Setiap saat. Kapanpun. Dimanapun.

Sebab meski hanya sekedip mata tanpanya, ada sembilu yang menghantam dada. Meninggalkan sesak yang mempersulit aku mendapatkan udara.
Maka tak ada hasrat yang melebihi dari ingin menghirup segar udaranya demi kelangsungan hidupku.

Aku lantak oleh kesadaran bahwa tak bisa aku melangkahkan kaki menapak hari tanpa dia. Tak sanggup diri melewati detik-detik berlalunya waktu bila dia tak di sampingku.

Sungguh!

Aku butuh dia selalu ada.
Setiap saat. Kapanpun. Dimanapun.

Maka dia harus selalu ada.
Setiap saat. Kapanpun.
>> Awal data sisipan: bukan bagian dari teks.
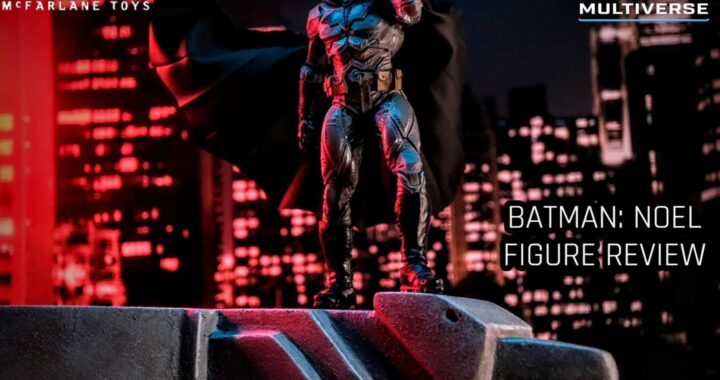 Batman: Noel action figure perched on a rooftop ledge, overlooking a detailed cityscape, showcasing dynamic posing and McFarlane Toys' intricate sculpt and design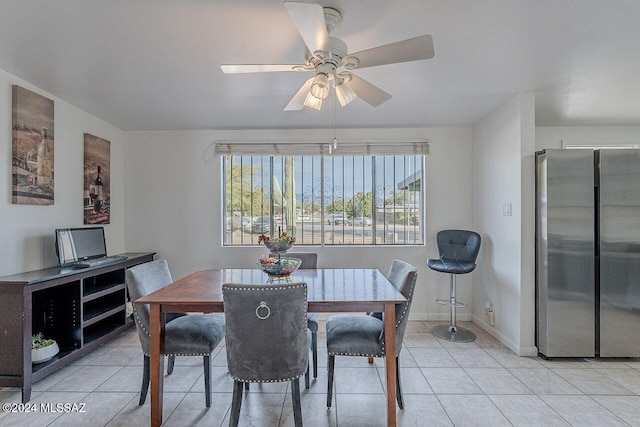 tiled dining area featuring ceiling fan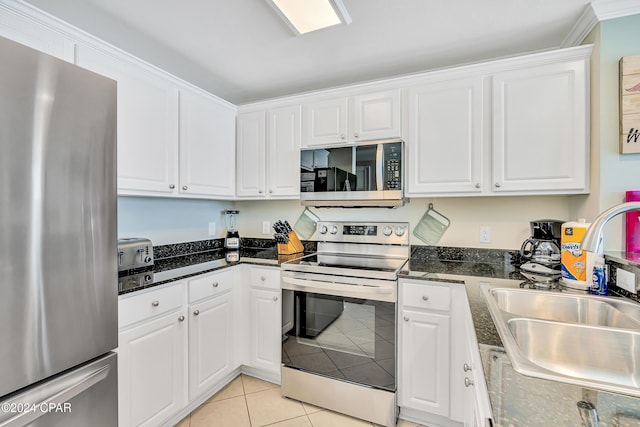 15817 Front Beach Rd Unit 1-1505, Panama City Beach, FL 32413 - kitchen featuring white cabinets, a sink, dark stone countertops, stainless steel appliances, and light tile patterned floors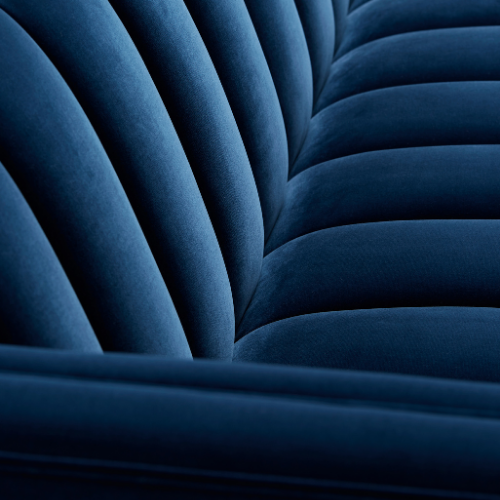 Close-up of a blue upholstered fabric with seam detailing.
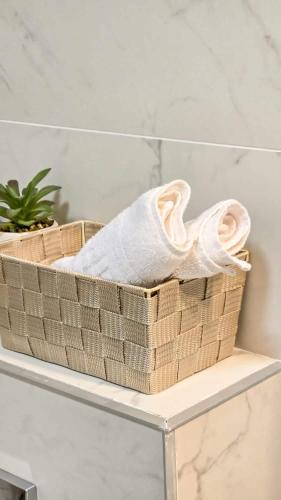 a basket sitting on top of a white shelf at Blvd Ivory Pipera Studio 43A in Voluntari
Dimanapun.



 [karena dia 
adalah nafas,
yang mengiringi jiwa raga
dan senantiasa terbutuhkan]

Tuesday, December 14, 2010

Adalah Cinta,

Yang mengharubirukan hati.


Sebab saat aku berusaha untuk menggebah rasa dan mencoba bangun dari mimpi, aku terperangkap dalam perang batin.
Lantas aku dihadapkan pada kenyataan bahwa aku terlanjur lelap.

Manakala aku pada akhirnya bisa semakin sedikit mendekat
        : merasakan gairah yang tak kunjung padam dalam setiap detik yang terlewati, bahagia tak berkesudahan demi menikmati segala keindahannya dalam sejengkal jarak, teracuni gelisah terlanda rindu meski telah membawa pulang sisa-sisa harumnya yang melekat,...
        
        dan juga perih - saat aku tahu bahwa bukan hanya aku yang bisa membuatnya bahagia.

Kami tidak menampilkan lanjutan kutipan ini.